→ To do
Output the full listing below, keeping each line exact.

→ Data for the task
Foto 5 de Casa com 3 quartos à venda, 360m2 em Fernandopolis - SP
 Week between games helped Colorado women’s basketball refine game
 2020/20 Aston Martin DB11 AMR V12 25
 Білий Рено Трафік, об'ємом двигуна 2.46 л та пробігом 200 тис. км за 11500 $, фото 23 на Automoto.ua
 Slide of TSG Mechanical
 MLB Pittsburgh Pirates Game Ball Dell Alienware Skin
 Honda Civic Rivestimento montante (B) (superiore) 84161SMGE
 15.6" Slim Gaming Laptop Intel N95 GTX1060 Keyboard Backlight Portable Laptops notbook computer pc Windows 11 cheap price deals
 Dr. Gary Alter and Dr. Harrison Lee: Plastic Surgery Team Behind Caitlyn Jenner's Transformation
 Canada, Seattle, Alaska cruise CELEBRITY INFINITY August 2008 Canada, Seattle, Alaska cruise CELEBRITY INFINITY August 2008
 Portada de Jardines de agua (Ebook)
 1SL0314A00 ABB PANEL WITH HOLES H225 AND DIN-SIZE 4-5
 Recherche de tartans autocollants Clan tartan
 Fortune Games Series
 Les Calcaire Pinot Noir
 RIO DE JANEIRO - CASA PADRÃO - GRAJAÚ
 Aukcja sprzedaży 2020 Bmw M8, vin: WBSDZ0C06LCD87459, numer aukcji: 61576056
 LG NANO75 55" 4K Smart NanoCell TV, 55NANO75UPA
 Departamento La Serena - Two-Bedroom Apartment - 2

→ Answer section
Foto 5 de Casa com 3 quartos à venda, 360m2 em Fernandopolis - SP
 Week between games helped Colorado women’s basketball refine game
 2020/20 Aston Martin DB11 AMR V12 25
 Білий Рено Трафік, об'ємом двигуна 2.46 л та пробігом 200 тис. км за 11500 $, фото 23 на Automoto.ua
 Slide of TSG Mechanical
 MLB Pittsburgh Pirates Game Ball Dell Alienware Skin
 Honda Civic Rivestimento montante (B) (superiore) 84161SMGE
 15.6" Slim Gaming Laptop Intel N95 GTX1060 Keyboard Backlight Portable Laptops notbook computer pc Windows 11 cheap price deals
 Dr. Gary Alter and Dr. Harrison Lee: Plastic Surgery Team Behind Caitlyn Jenner's Transformation
 Canada, Seattle, Alaska cruise CELEBRITY INFINITY August 2008 Canada, Seattle, Alaska cruise CELEBRITY INFINITY August 2008
 Portada de Jardines de agua (Ebook)
 1SL0314A00 ABB PANEL WITH HOLES H225 AND DIN-SIZE 4-5
 Recherche de tartans autocollants Clan tartan
 Fortune Games Series
 Les Calcaire Pinot Noir
 RIO DE JANEIRO - CASA PADRÃO - GRAJAÚ
 Aukcja sprzedaży 2020 Bmw M8, vin: WBSDZ0C06LCD87459, numer aukcji: 61576056
 LG NANO75 55" 4K Smart NanoCell TV, 55NANO75UPA
 Departamento La Serena - Two-Bedroom Apartment - 2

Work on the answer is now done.